I am using Delphi 7 and have a routine which takes a csv file with a series of records and imports them. This is done by loading it into a TStringList with MyStringList.LoadFromFile(csvfile) and then getting each line with line = MyStringList[i].

This has always worked fine but I have now discovered that special characters are not picked up correctly. For example, Rue François Coppée comes out as Rue François Coppée - the accented French characters are the problem.

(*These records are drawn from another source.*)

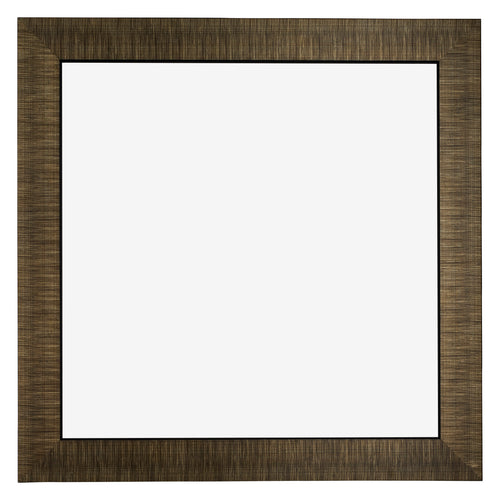 Leeds Wooden Photo Frame 25x25cm Champagne Brushed Front | Yourdecoration.com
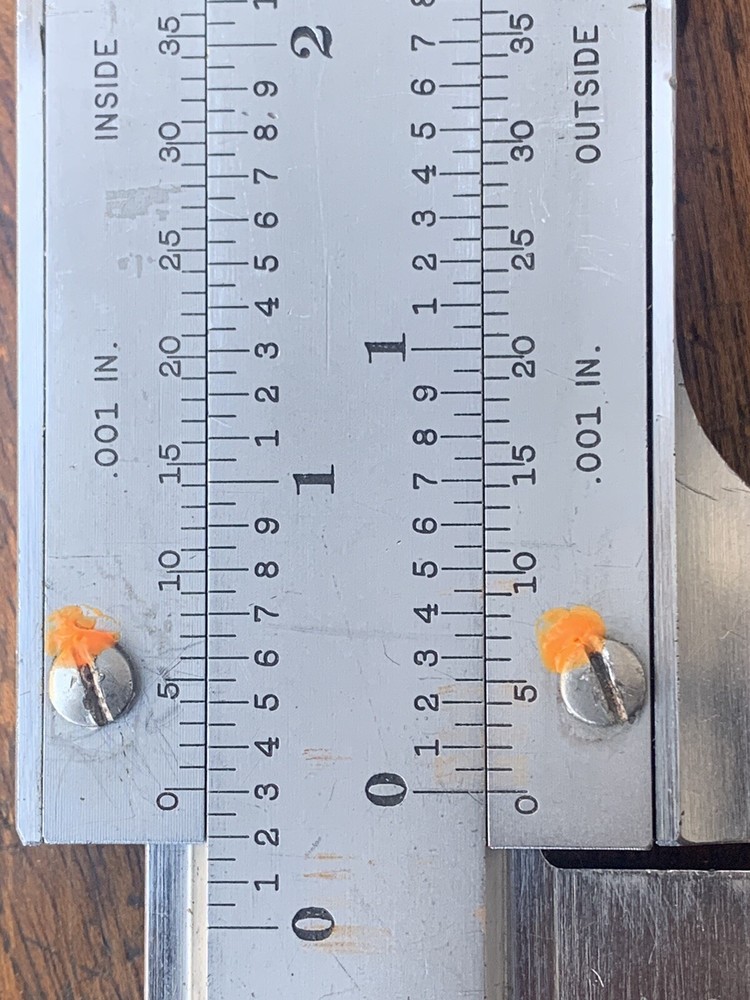 STARRETT No.123 24" VERNIER CALIPER Master Bar 26"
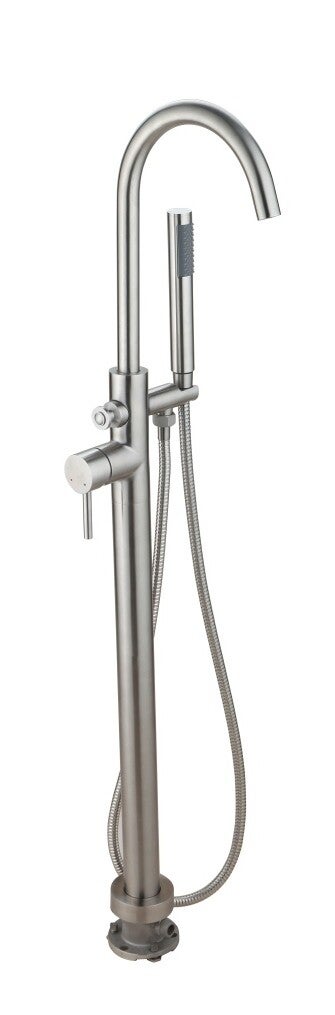 Best-Design "Stylo-Ore" RVS-304 vrijstaande badkraan H=98 cm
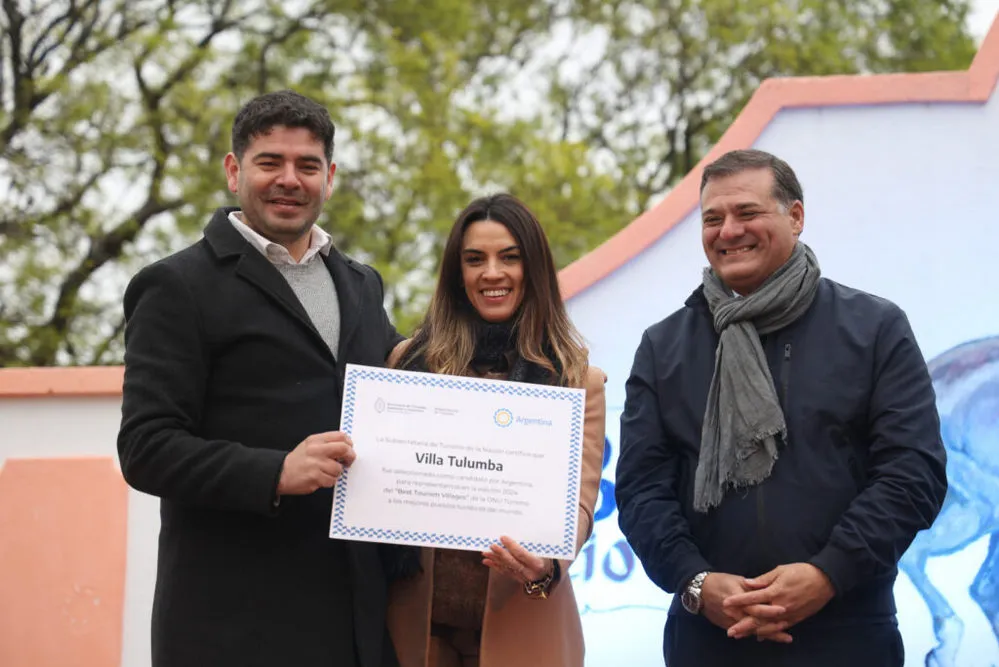 REGION OBJETIVO FOTO VILLA TULUMBA CERTIFICADO PUEBLO TURISTICO
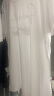 真维斯（JEANSWEST）t恤女纯棉2025夏季舒适打底衫半袖体恤上衣女士上衣女白色L 实拍图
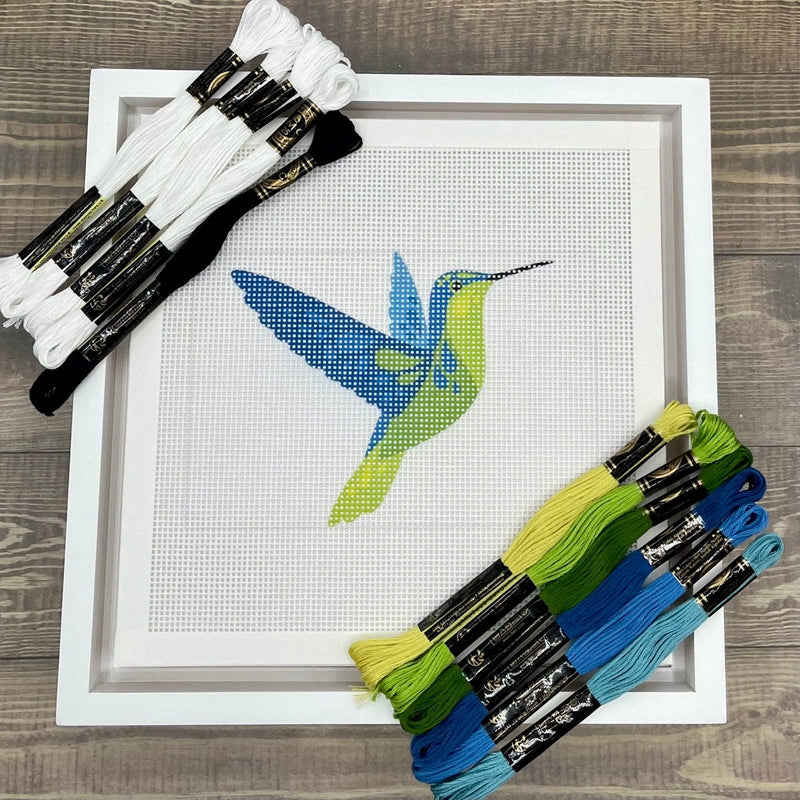 Hummingbird Needlepoint Kit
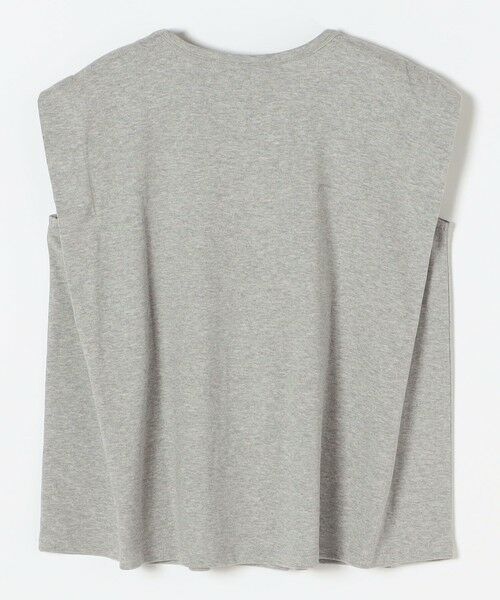 SHIPS / シップス Tシャツ | 《予約》SHIPS any:〈接触冷感/汗染み防止加工/洗濯機可能〉タック フレア ノースリーブ TEE | 詳細23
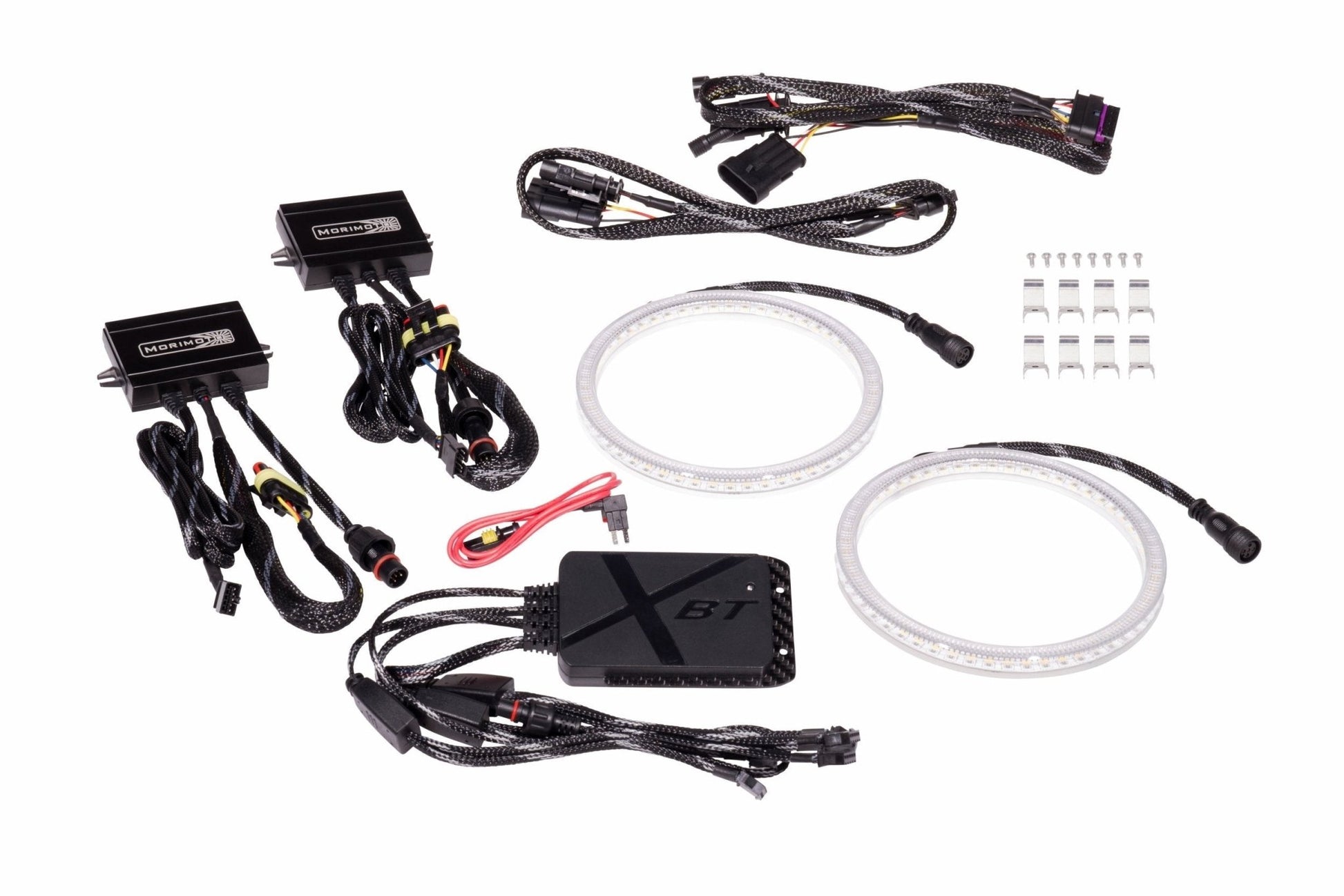 Super7 RGBW Halo System: Jeep JL/JT - LED Halos/Strips - Morimoto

Is there a simple way to solve this?

Thank you.

Vote for best question.
Score: 0  # Vote:  0
Date Posted: 15-Dec-2014, at 6:58 AM EST
From: Tim Stainton
 
Re: TStringlist with special characters  
News Group: embarcadero.public.delphi.oodesign
Just wrote:

> I didn't know that. Thanks. :)

Yeah, I found that out the hard way in BCB6, where UTF8Encode() and UTF8Decode() 
use a manual UTF-8 implementation that does not handle multi-byte sequences 
correctly, thus can corrupt data that uses higher codepoints.  That implementation 
still exists in D7, but with some small differences (maybe they were trying 
to fix it?), but eventually they ditched their implementation and switched 
to Microsoft's MultiByteToWideChar() and WideCharToMultiByte() functions 
instead (and then later added iconv support for cross-platform).
 
--
Remy Lebeau (TeamB)

Vote for best answer.
Score: 0  # Vote:  0
Date Posted: 16-Dec-2014, at 10:08 AM EST
From: Remy Lebeau (TeamB)
 
Re: TStringlist with special characters  
News Group: embarcadero.public.delphi.oodesign
On Mon, 15 Dec 2014 11:37:55 -0800, Remy Lebeau wrote:
> 
>  Also, UTF8Decode() is broken in D7, it doesn't implement UTF-8 correctly 
> (that was fixed in a later version).

I didn't know that. Thanks. :)

Vote for best answer.
Score: 0  # Vote:  0
Date Posted: 16-Dec-2014, at 12:49 AM EST
From: Just JJ
 
Re: TStringlist with special characters [Edit]  
News Group: embarcadero.public.delphi.oodesign
> {quote:title=Just JJ wrote:}{quote}
> On Mon, 15 Dec 2014 06:58:52 -0800, Tim Stainton wrote:
> > I am using Delphi 7 and have a routine which takes a csv file with a
> > series of records and imports them. This is done by loading it into a
> > TStringList with MyStringList.LoadFromFile(csvfile) and then getting each
> > line with line = MyStringList[i]. 
> > 
> > This has always worked fine but I have now discovered that special
> > characters are not picked up correctly. For example, Rue François Coppée
> > comes out as Rue François Coppée - the accented French characters are
> > the problem. 
> > 
> > Is there a simple way to solve this?
> > 
> > Thank you.
> 
> The text is UTF-8 encoded, so use UTF8Decode(). e.g.:
> 
> line:= UTF8Decode(MyStringList[i])
> 
> i.e. UTF8Decode() will decode the UTF-8 encoded text into Unicode.
> 
> If the "line" variable type is String, the Unicode text will be converted to
> ANSI using the current application's active code page.
> 
> If you still see incorrect characters, it means that some Unicode characters
> don't have the equivalent ANSI character in current active code page. In
> this case, you'll need to use WideString for the "line" variable type and
> never treat/mix/compare with String values. Otherwise, the Unicode string
> will be converted to ANSI and you'll loose some characters in the process.
> Keep in minds that Delphi 7 VCL is ANSI only.
> 
> For Delphi 7, there's Tnt Unicode Controls component to make an (almost
> fully) Unicode VCL application. But, if you can, I'd suggest using Delphi
> 2009 or newer for dedicated Unicode application.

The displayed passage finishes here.